Matías Avelino Castro of the Dominican Republic, alleged mastermind behind the murder of Dominican journalist José Agustín Silvestre in 2011, was arrested on April 3 in Bogotá, Colombia, reported Colonel Juan Carlos Gómez, chief of Interpol Colombia, according to AFP.

Avelino Castro, who has faced an international warrant for his arrest since 2011 on charges of kidnapping and murder, was on the Attorney General of the Dominican Republic’s most wanted list, according to Colombian newspaper El País.

The Dominican government requires Matías Avelino to be prosecuted as a member and leader of a criminal gang, in addition to being the alleged perpetrator of the murder of journalist José Silvestre, El Caribe reported.

Silvestre, 59, known as “Gajo,” was kidnapping and murdered on August 2, 2011 in the community of El Peñón, in the city of La Romana, Dominican Republic where he lived. His body was found with two bullet wounds in the highway between La Romana and San Pedro de Macorís, as Reporters Without Borders said at the time.

The journalist – who hosted the program “The Voice of Truth” on regional channel Caña Teve, and was director of a magazine of the same name – used to report on cases of local corruption and crime, the Knight Center reported.

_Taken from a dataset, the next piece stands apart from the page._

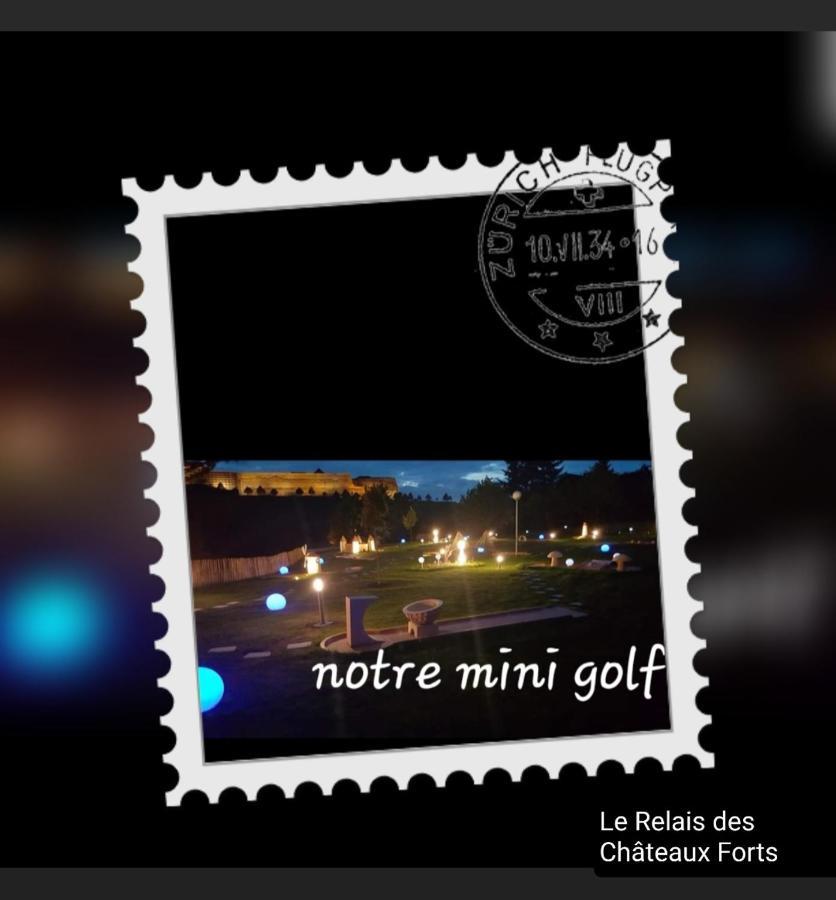 Le Relais Des Chateaux Forts บิตช์ ภายนอก รูปภาพ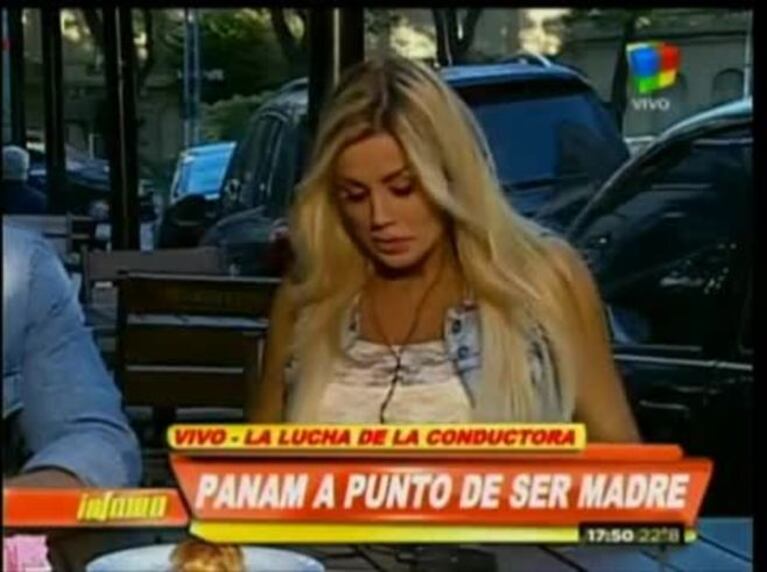 La desgarradora confesión de Panam: "Mi hijo me dijo que espera  que a Sofía no le pase lo mismo que a Chiara "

Shortly before his death, according to Diario Libre, Silvestre began receiving threats and was persecuted after reporting on the murder of the owner of a brewery in La Romana, and of other people. These criminal acts denounced by the journalist could have been related to conflicts between drug gangs, EFE reported.

In 2015, Elvin Canario de Oleo and Ángel Amed Mañón Gutierréz – the latter, a driver for Avelino Castro – were sentenced to 30 years in prison after being found guilty of being the perpetrators of the murder, El Nacional reported. They also were required to pay 8 million Dominican pesos (approximately US $175,000) in compensation, according to El Caribe.

The Committee to Protect Journalists includes Silvestre’s murder in the category of those with a confirmed motive, meaning that the organization is “reasonably certain that a journalist was murdered in direct reprisal for his or her work.”

The Dominican Attorney General, through the Ministry of Foreign Affairs and the diplomatic mission in the country accredited in Colombia, formally launched extradition proceedings for Avelino Castro, who also “served as leader of the Samaná cartel, a narcotrafficking organization that is credited for sending large quantities of narcotics from Colombia and Venezuela to the Dominican Republic, Puerto Rico and the United States,” the authorities reported, according to AFP.